[Captioned web image data]
- Opening Delimiter -
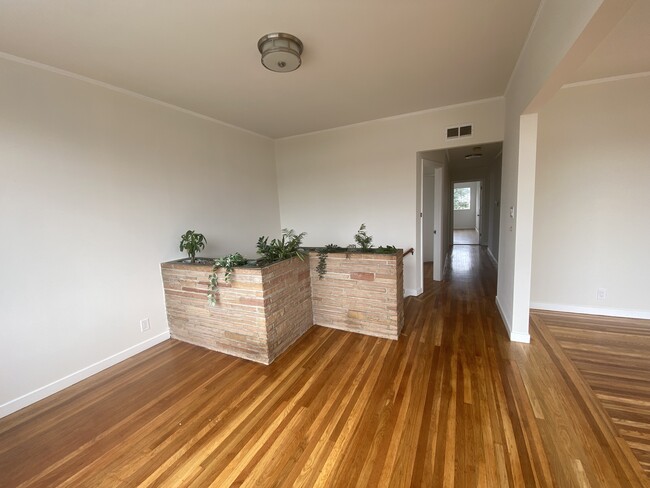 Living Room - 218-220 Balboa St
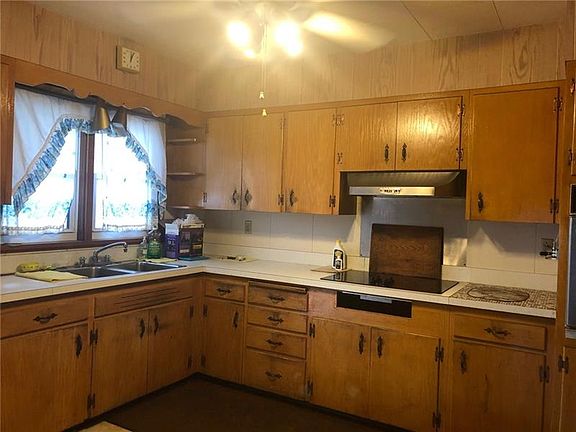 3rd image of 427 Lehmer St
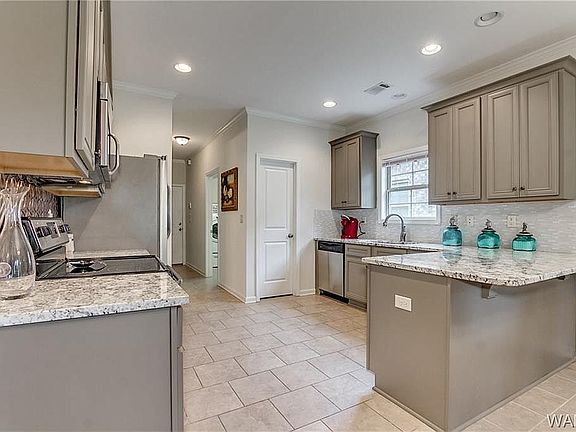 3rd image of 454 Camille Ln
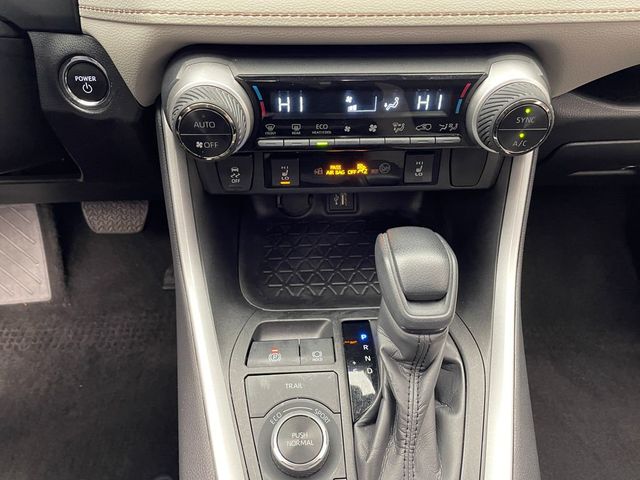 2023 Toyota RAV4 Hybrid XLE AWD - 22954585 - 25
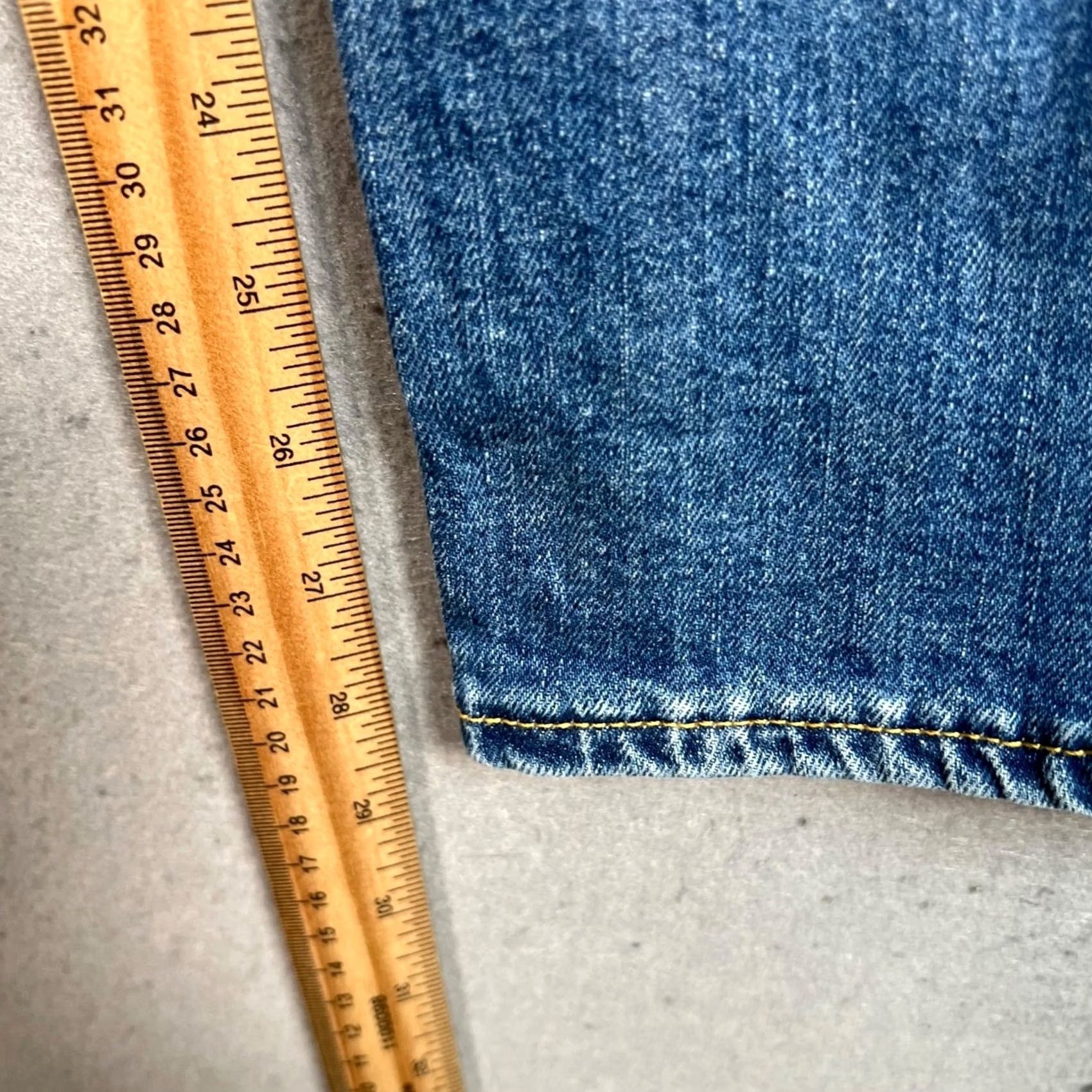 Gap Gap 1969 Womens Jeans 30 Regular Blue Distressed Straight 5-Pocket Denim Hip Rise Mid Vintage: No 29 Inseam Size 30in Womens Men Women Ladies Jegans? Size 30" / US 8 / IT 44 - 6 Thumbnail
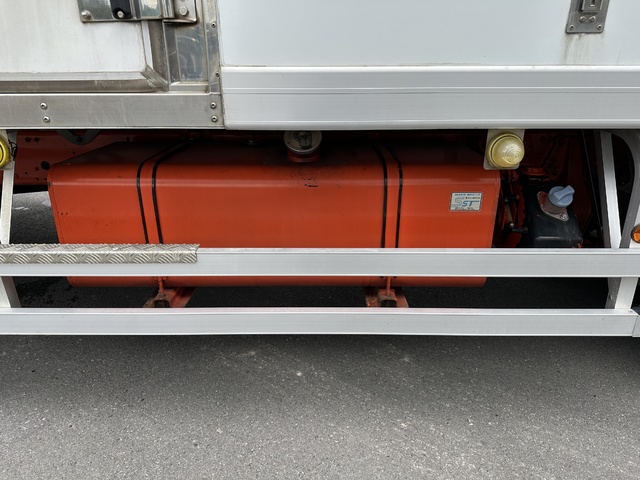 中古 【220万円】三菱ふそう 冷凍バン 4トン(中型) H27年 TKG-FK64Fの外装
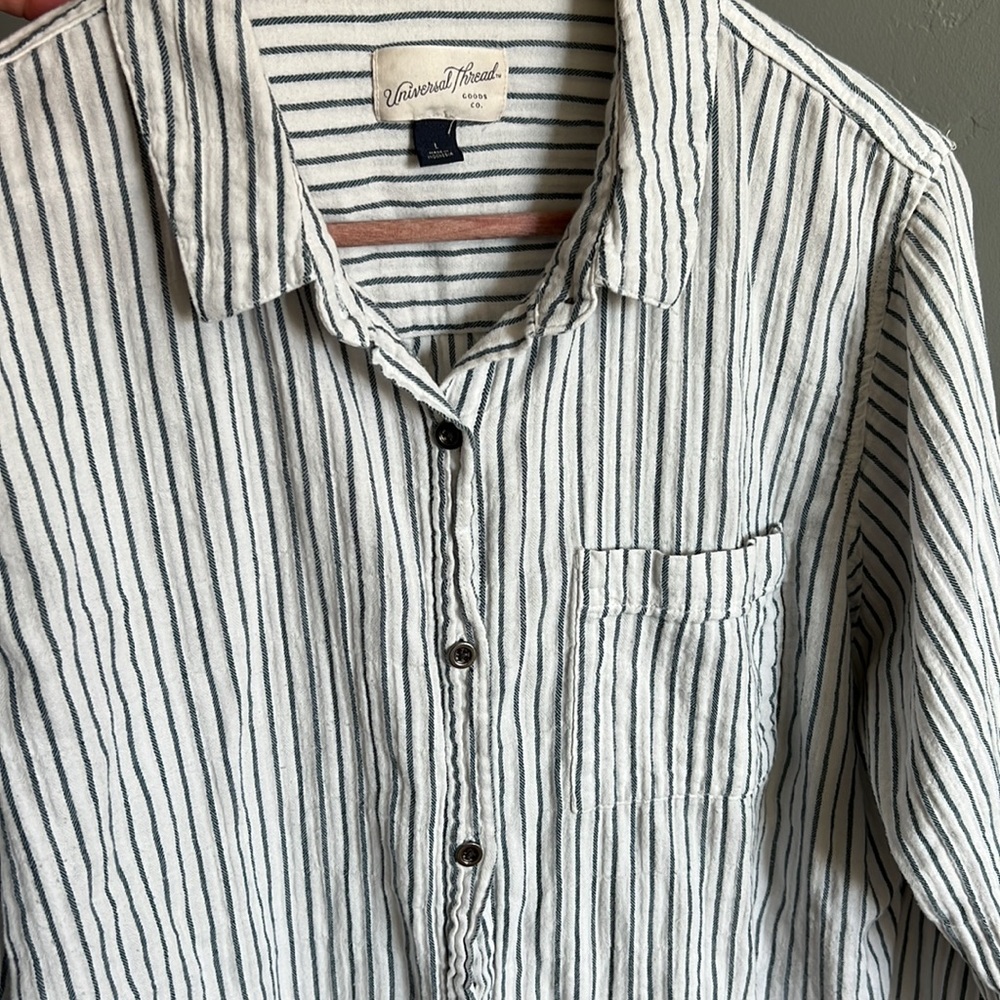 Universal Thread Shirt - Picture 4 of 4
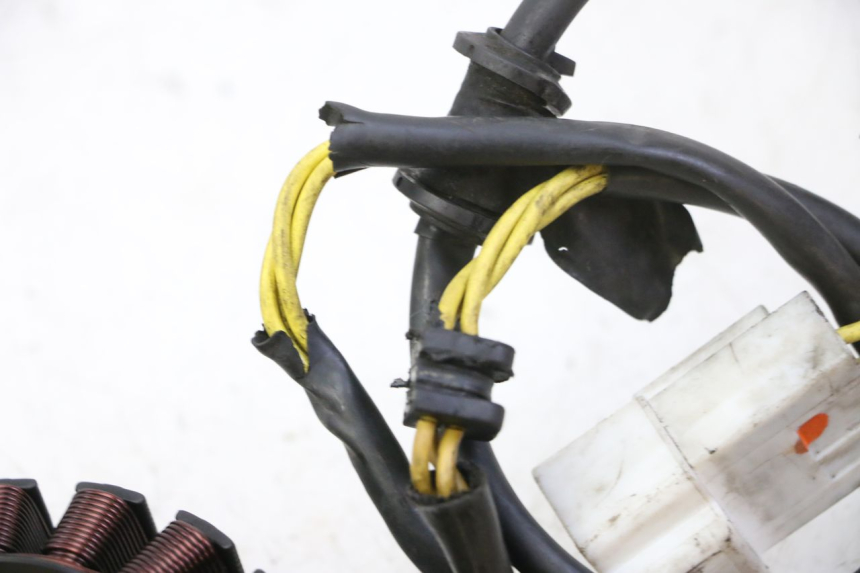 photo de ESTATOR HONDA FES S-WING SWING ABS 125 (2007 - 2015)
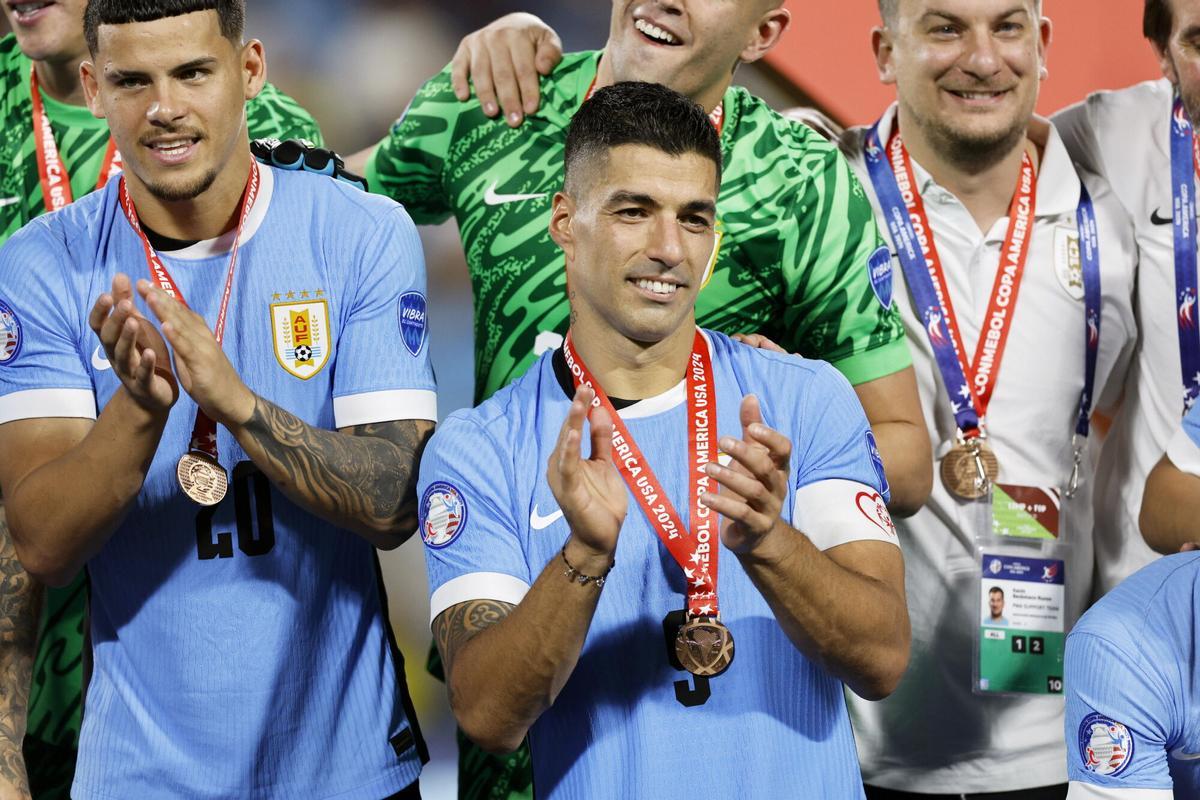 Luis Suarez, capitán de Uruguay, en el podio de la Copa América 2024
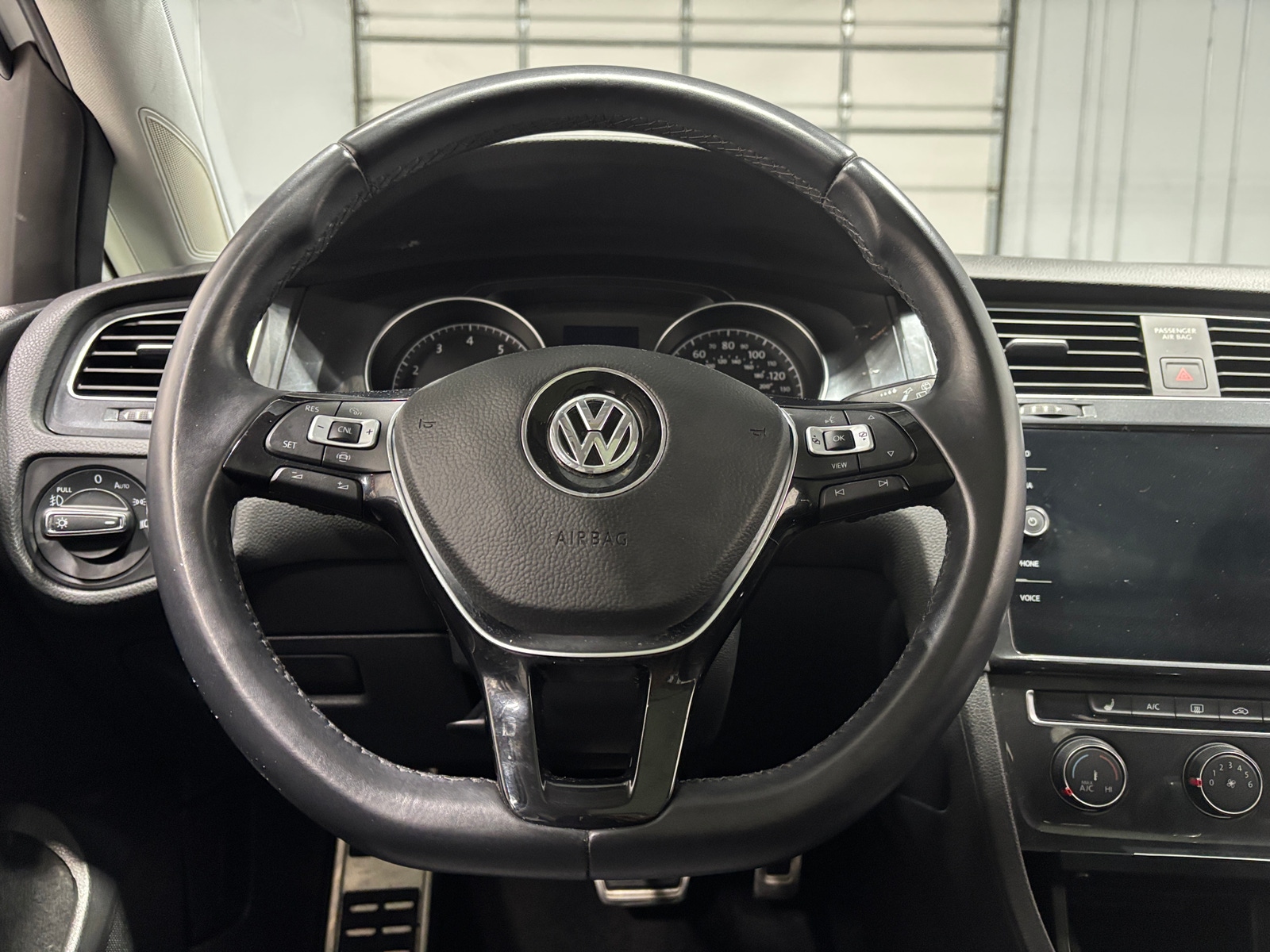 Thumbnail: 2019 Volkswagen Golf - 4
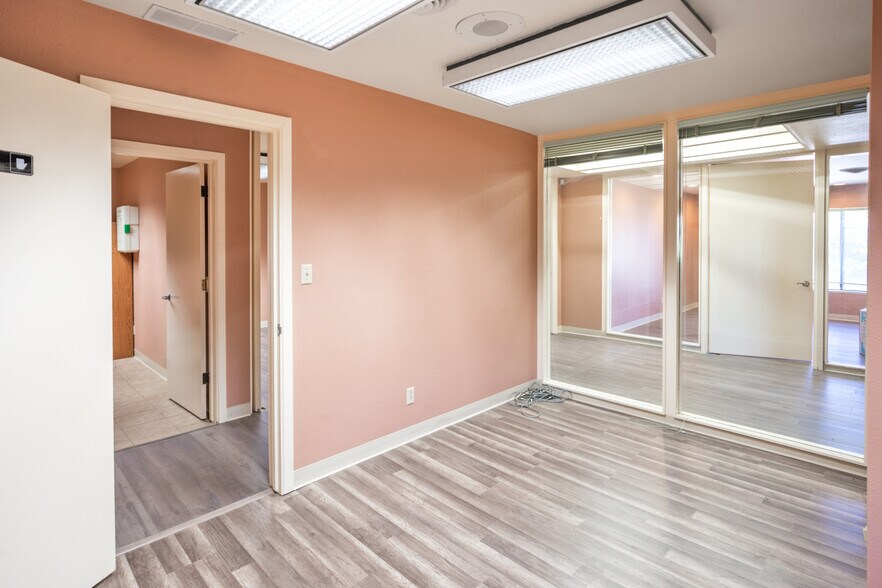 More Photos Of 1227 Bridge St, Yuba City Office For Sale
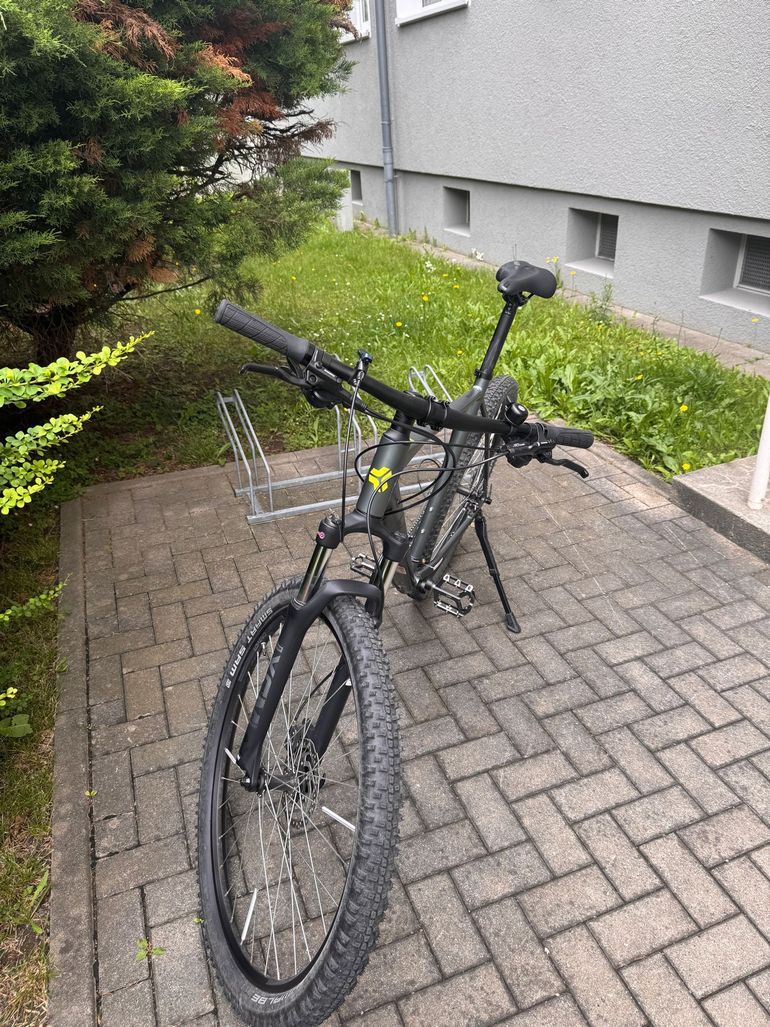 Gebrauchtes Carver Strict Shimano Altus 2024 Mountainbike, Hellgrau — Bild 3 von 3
- Closing Delimiter -
Exercise directions:
When you transcribe the entries above, keep every word exact and leave out the pictures.

Problem solution:
 Living Room - 218-220 Balboa St
 3rd image of 427 Lehmer St
 3rd image of 454 Camille Ln
 2023 Toyota RAV4 Hybrid XLE AWD - 22954585 - 25
 Gap Gap 1969 Womens Jeans 30 Regular Blue Distressed Straight 5-Pocket Denim Hip Rise Mid Vintage: No 29 Inseam Size 30in Womens Men Women Ladies Jegans? Size 30" / US 8 / IT 44 - 6 Thumbnail
 中古 【220万円】三菱ふそう 冷凍バン 4トン(中型) H27年 TKG-FK64Fの外装
 Universal Thread Shirt - Picture 4 of 4
 photo de ESTATOR HONDA FES S-WING SWING ABS 125 (2007 - 2015)
 Luis Suarez, capitán de Uruguay, en el podio de la Copa América 2024
 Thumbnail: 2019 Volkswagen Golf - 4
 More Photos Of 1227 Bridge St, Yuba City Office For Sale
 Gebrauchtes Carver Strict Shimano Altus 2024 Mountainbike, Hellgrau — Bild 3 von 3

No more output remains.